Exercise brief:
Set down exactly, from the records below, the line with "undefined, Shubert Close, Sheffield" through the line with "Te koop: Foto", and nothing else.

Available data Block Start

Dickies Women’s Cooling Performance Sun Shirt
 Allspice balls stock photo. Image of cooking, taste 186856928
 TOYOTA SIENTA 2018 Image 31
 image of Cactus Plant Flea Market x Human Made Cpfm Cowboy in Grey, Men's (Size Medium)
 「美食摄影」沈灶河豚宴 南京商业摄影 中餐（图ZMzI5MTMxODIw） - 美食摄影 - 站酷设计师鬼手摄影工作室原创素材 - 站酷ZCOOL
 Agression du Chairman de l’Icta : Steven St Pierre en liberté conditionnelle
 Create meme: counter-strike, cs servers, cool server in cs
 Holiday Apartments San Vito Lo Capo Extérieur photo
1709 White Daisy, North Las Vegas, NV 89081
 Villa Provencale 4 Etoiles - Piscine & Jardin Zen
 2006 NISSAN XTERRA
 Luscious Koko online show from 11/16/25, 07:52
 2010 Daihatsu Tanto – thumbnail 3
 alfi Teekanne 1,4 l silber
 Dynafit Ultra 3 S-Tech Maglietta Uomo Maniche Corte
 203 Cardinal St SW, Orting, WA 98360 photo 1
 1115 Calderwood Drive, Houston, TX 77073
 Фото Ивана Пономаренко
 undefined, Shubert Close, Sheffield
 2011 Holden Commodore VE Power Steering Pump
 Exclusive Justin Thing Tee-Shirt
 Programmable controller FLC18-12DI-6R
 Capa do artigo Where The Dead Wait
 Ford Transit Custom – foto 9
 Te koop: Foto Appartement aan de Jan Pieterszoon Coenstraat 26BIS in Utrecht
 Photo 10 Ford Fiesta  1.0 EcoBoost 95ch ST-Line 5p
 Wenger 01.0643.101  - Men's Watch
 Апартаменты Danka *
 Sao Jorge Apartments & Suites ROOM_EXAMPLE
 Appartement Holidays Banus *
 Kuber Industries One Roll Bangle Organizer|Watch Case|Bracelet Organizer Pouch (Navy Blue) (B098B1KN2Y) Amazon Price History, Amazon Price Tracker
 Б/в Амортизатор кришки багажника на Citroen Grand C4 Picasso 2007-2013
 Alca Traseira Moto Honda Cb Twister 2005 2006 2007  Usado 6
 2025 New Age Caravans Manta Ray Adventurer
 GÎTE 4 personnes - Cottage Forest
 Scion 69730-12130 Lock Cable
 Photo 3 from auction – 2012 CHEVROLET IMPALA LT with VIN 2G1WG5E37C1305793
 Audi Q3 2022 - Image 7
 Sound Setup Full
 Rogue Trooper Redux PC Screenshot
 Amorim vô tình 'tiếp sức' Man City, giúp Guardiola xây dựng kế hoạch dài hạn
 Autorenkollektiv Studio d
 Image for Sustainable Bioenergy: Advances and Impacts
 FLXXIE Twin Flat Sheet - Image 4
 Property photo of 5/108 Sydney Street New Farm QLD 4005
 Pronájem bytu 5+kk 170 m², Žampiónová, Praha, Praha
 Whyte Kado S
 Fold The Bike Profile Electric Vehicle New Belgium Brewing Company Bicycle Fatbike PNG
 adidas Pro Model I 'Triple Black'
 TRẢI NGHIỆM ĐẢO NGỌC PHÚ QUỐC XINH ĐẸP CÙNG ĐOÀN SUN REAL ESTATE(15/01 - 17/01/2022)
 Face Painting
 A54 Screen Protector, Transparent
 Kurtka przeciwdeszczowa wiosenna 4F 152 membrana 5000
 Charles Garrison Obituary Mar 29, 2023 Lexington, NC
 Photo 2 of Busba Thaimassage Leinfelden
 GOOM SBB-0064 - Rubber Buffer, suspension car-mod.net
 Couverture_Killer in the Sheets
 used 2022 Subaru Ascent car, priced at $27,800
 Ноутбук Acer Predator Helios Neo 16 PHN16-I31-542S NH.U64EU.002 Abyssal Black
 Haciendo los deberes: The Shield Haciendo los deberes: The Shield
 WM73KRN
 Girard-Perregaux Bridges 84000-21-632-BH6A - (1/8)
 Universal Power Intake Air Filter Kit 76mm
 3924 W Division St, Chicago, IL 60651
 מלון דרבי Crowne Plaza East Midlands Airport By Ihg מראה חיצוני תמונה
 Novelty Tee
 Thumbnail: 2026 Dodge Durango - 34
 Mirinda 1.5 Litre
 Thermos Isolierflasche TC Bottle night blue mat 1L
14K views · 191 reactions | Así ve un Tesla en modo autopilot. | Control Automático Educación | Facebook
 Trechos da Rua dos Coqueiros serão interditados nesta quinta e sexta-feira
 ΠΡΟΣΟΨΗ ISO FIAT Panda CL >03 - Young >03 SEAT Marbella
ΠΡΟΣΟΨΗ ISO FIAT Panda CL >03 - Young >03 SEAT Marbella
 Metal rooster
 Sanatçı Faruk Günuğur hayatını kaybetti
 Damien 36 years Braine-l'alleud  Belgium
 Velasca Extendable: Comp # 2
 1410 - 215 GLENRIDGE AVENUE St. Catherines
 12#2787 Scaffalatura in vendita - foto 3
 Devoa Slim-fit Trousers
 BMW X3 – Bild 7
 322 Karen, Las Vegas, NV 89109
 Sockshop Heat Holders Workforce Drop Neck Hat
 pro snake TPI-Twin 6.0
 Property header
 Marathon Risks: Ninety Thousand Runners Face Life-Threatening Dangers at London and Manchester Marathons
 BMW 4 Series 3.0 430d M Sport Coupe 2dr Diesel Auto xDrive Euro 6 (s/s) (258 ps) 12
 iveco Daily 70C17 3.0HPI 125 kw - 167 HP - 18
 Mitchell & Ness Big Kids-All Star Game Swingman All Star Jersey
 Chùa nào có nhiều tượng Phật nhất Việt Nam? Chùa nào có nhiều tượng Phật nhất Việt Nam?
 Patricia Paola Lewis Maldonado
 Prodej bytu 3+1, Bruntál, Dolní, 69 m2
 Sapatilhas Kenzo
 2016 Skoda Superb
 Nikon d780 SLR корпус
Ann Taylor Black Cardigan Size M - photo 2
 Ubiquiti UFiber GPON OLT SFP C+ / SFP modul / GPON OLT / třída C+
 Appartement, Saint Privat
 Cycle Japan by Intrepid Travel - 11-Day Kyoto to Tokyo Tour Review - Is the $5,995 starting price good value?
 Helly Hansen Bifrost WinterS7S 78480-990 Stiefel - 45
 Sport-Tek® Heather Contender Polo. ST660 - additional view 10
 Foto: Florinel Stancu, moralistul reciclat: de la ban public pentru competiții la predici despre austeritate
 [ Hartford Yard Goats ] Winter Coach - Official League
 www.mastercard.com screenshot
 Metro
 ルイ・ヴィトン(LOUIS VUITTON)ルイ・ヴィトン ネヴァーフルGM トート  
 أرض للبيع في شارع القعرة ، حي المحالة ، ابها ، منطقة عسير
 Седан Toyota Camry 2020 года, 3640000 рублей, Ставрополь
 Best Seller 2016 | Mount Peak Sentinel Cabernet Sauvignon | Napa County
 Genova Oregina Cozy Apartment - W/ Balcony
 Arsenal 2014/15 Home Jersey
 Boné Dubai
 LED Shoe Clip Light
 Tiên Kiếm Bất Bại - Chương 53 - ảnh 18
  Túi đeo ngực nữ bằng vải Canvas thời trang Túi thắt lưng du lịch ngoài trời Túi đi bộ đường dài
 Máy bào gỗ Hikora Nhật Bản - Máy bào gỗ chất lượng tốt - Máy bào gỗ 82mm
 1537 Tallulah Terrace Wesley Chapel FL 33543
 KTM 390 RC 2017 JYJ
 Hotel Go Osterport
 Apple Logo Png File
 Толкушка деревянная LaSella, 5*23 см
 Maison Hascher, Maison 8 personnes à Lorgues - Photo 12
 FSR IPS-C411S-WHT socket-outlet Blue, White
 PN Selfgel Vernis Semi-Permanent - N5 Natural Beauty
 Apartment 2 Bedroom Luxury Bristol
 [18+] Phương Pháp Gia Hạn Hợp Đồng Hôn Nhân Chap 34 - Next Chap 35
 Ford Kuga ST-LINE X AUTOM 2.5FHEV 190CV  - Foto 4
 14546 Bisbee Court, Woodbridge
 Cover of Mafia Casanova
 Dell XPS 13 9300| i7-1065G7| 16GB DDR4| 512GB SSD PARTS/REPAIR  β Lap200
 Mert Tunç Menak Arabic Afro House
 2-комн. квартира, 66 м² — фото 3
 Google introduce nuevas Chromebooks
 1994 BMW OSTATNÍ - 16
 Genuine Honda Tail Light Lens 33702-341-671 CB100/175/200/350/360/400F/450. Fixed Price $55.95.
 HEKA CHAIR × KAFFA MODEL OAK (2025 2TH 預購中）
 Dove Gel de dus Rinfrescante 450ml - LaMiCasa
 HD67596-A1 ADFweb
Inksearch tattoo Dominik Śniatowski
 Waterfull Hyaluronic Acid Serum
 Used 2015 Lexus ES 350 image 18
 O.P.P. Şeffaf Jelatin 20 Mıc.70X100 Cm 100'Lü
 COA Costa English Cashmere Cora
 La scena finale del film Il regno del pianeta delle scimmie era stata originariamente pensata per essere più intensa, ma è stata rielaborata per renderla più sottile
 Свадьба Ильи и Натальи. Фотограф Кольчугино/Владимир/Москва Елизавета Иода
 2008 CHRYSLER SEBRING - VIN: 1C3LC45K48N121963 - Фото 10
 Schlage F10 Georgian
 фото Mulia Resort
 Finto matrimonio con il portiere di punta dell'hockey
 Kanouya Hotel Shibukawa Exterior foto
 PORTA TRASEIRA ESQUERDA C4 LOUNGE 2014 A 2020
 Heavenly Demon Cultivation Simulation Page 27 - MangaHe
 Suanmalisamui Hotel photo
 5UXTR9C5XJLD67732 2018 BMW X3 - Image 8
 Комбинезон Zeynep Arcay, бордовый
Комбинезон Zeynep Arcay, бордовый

Available data Block End

Response to this task:
 undefined, Shubert Close, Sheffield
 2011 Holden Commodore VE Power Steering Pump
 Exclusive Justin Thing Tee-Shirt
 Programmable controller FLC18-12DI-6R
 Capa do artigo Where The Dead Wait
 Ford Transit Custom – foto 9
 Te koop: Foto Appartement aan de Jan Pieterszoon Coenstraat 26BIS in Utrecht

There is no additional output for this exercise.